Rickettsiae are obligately intracellular bacterial pathogens transmitted by ticks, fleas, lice and mites. The clinical manifestations and morbidity of diseases caused by Rickettsia vary from mild to very severe and fatal. Rocky Mountain spotted fever is caused by Rickettsia rickettsii; it is the most prevalent rickettsiosis in the Americas and known for its malignancy. Two other rickettsioses in the Americas caused by the emerging pathogens R. philipii and R. parkeri are typically milder in most individuals. One current view of the evolution of Rickettsia species postulates that rickettsial pathogenicity does not correlate to a gain in effectors of bacterial virulence, but rather with a loss of regulatory molecules which suppress expression of virulent phenotypes. We found that a 19 kb chromosome insert in R. philipii, the nearest relative of R. rickettsi, contains genes which are associated with control and/or attenuation of virulent phenotypes in many bacteria. Some of these genes are uniquely present in R. philipii and other rickettsiae of low pathogenicity, but absent in highly virulent rickettsiae such as R. rickettsii. Therefore, our central hypothesis is that the proteins encoded by some of the insert genes may attenuate the ability of those Rickettsia which contain these elements to cause severe infections in humans. The goals of the research proposed in this application are (1) to confirm that important functions are encoded by the chromosomal insert genes in R. philipii, and (2) to determine if they indeed modulate rickettsial pathogenicity. We will test our central hypothesis by accomplishing the following Specific Aims:
Aim 1. To obtain directed knockout mutants of genes encoded by the R. philipii chromosome insert.
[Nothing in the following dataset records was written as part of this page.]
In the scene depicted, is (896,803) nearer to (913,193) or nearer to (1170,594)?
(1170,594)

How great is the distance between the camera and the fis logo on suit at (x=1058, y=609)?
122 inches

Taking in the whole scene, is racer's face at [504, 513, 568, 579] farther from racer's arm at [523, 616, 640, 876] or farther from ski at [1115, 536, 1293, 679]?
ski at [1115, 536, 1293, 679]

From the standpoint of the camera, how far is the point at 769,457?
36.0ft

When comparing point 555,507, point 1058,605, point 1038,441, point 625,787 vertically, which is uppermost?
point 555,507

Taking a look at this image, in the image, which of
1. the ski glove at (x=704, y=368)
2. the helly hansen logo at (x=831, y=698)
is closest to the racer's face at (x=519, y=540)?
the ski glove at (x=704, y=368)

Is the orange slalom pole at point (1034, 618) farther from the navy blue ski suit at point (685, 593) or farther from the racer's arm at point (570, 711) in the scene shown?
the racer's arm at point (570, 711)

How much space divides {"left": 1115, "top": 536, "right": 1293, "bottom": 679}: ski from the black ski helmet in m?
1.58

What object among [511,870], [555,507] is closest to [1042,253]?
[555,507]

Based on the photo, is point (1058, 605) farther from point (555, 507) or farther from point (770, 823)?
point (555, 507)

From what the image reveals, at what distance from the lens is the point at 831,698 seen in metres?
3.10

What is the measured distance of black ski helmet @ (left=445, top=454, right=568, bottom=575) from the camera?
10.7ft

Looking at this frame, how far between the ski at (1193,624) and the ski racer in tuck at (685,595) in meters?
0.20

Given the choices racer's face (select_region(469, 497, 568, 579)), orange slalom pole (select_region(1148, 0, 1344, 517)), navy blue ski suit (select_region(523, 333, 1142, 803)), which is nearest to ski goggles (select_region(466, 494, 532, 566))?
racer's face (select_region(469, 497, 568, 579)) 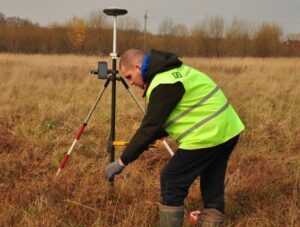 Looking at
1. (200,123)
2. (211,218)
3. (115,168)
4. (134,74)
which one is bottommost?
(211,218)

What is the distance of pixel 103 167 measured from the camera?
4719mm

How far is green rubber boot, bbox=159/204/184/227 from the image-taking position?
9.26 ft

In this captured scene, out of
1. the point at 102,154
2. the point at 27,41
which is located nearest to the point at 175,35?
the point at 27,41

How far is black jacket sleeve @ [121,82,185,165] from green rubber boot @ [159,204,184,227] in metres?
0.49

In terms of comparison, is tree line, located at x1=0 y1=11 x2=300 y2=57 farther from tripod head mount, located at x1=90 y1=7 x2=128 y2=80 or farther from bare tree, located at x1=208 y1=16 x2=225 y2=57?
tripod head mount, located at x1=90 y1=7 x2=128 y2=80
Aim 2. To assess the phenotypic differences of wild and knockout strains of R. philipii in in vitro host-cell interaction models and by comparative transcriptome analysis. With these tools we will be able to demonstrate the utility of a new genetic knockout system to inactivate selected rickettsial proteins and to conduct functional and structural studies on these proteins. These experiments will address the mechanisms of pathogenesis employed by different Rickettsia and the results may be useful in efforts to develop improved patient adjunctive therapies, and provide a novel assay pathway for screening for more effective antibiotics against rickettsioses.
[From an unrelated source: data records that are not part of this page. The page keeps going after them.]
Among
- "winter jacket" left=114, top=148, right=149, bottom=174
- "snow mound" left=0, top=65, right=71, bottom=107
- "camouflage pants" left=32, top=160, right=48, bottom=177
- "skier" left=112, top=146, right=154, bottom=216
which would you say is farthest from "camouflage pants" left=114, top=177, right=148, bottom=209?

Severe rickettsioses like Rocky Mountain spotted fever manifest as an exanthematous febrile infection with multiorgan involvement, but the mechanisms responsible for variable pathogenic effects of different Rickettsia species in their human host is largely unknown. Experiments described in this proposal will characterize a unique cluster of rickettsial genes which may modulate rickettsia-host cell interactions and thus affect the clinical severity of infection. This study will examine the functions of a set of unique genes in low virulent Rickettsia and this knowledge may lead to new methods for the treatment of severe rickettsioses like Rocky Mountain spotted fever.